Oracle 每天的总停机持续时间
我有一个表,用于存储某些设备的停机信息。除其他信息外,它还包含beginTime和endTime,分别表示停机的开始和结束Oracle 每天的总停机持续时间,oracle,plsql,materialized-views,Oracle,Plsql,Materialized Views,我有一个表,用于存储某些设备的停机信息。除其他信息外,它还包含beginTime和endTime,分别表示停机的开始和结束 +----+---------------------+---------------------+-----+ | Id | beginTime | endTime | ... | +----+---------------------+---------------------+-----+ | 10 | 13/01/2019
+----+---------------------+---------------------+-----+
| Id | beginTime | endTime | ... |
+----+---------------------+---------------------+-----+
| 10 | 13/01/2019 11:00:00 | 13/01/2019 15:00:00 | |
| 20 | 13/01/2019 20:00:00 | 14/01/2019 09:00:00 | |
| 30 | 13/01/2019 18:00:00 | 15/01/2019 10:00:00 | |
| 40 | 16/01/2019 22:00:00 | | |
+----+---------------------+---------------------+-----+
我想准备一份报告,显示每天的停机持续时间总和。

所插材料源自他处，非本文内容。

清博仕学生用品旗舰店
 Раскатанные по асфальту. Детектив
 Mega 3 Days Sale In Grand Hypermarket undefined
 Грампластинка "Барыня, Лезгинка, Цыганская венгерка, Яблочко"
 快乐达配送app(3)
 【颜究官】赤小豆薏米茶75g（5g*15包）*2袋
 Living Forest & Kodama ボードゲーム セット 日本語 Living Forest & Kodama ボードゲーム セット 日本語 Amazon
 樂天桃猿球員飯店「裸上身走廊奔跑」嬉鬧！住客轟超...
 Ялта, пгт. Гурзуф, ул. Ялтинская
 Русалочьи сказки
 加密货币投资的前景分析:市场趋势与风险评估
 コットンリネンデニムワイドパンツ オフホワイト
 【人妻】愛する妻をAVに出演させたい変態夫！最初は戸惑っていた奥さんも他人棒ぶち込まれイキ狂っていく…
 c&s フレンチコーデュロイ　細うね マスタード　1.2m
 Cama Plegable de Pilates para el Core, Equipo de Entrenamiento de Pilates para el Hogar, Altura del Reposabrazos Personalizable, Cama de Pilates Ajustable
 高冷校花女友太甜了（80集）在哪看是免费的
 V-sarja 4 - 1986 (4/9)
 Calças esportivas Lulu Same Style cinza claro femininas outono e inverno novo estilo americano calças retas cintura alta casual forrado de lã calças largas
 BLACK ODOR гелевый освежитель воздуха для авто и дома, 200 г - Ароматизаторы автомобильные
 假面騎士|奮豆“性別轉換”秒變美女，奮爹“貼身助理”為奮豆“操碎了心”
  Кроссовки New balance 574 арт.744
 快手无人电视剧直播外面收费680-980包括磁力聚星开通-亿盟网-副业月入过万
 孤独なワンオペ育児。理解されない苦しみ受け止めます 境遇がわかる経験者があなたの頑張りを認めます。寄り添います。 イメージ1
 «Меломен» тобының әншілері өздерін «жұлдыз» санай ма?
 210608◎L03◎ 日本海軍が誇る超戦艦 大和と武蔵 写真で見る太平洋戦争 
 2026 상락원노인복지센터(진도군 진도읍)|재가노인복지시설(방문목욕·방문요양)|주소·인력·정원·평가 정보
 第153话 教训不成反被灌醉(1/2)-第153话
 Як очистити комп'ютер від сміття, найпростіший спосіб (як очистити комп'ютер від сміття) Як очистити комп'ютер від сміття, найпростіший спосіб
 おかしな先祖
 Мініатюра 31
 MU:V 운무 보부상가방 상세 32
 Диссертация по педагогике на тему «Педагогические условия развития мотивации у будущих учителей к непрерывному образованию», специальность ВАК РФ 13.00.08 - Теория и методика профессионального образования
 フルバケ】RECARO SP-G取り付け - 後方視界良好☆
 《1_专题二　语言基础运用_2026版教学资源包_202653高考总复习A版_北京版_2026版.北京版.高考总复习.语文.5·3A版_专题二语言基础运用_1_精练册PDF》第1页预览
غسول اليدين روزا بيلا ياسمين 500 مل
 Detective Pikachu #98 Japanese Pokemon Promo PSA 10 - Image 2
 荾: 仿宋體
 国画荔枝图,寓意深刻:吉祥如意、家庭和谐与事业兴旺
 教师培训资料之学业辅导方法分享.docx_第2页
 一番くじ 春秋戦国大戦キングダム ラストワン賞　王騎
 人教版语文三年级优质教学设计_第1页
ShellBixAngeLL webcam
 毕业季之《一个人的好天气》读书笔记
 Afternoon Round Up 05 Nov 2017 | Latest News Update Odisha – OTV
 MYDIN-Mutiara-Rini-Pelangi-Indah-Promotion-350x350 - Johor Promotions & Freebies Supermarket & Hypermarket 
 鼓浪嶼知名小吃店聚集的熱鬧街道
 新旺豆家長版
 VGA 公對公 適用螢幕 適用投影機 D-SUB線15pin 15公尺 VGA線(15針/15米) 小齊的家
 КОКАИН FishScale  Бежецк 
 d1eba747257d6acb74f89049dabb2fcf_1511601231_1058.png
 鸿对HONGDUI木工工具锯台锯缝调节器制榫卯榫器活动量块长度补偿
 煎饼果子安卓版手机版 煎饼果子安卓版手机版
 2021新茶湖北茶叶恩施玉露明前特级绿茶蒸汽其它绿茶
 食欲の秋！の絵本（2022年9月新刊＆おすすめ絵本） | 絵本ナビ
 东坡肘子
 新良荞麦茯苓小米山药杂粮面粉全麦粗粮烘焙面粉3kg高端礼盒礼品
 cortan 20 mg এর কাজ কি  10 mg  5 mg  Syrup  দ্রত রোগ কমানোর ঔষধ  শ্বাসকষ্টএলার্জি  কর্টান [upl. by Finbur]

因为表中有数百万条记录,所以我不希望每次应用程序加载报表时都计算它,而是希望将其存储在数据库中。我学习了物化视图,并认为它将是执行此任务的一个好工具。我可以让它每天在一天结束时刷新。然而,我正在努力编写一个合适的SQL。假设今天是2019年1月17日,所需的视图内容如下:
+------------+------+
| date | time |
+------------+------+
| 13/01/2019 | 14 |4 hours from 1st + 4 hours from 2nd + 6 hours from 3rd
| 14/01/2019 | 33 |9 hours from 2nd + 24 hours from 3rd
| 15/01/2019 | 10 |10 hours from 3rd
| 16/01/2019 | 2 |2 hours from 4th
+------------+------+
到目前为止,我最好的尝试是
select to_char(nvl(endTime, current_timestamp),'YYYY-MM-DD') as date,
sum(time_diff(beginTime, nvl(endTime, current_timestamp))) as time
from ttest
group by to_char(nvl(endTime, current_timestamp),'YYYY-MM-DD');
其中time_diff计算时间戳之间的差异。这显然是错误的,因为它是基于结束时间的,但我现在被困在这里,不知道去哪里
那么,这可能吗?或者我应该使用标准表和一些PL/SQL来填充它?现在,我还不知道我的选择是什么,比如每天触发PL/SQL。我的尝试:
select dt, 24 * sum(nvl2(endtime, least(dt + 1, endtime, dt + 1), dt)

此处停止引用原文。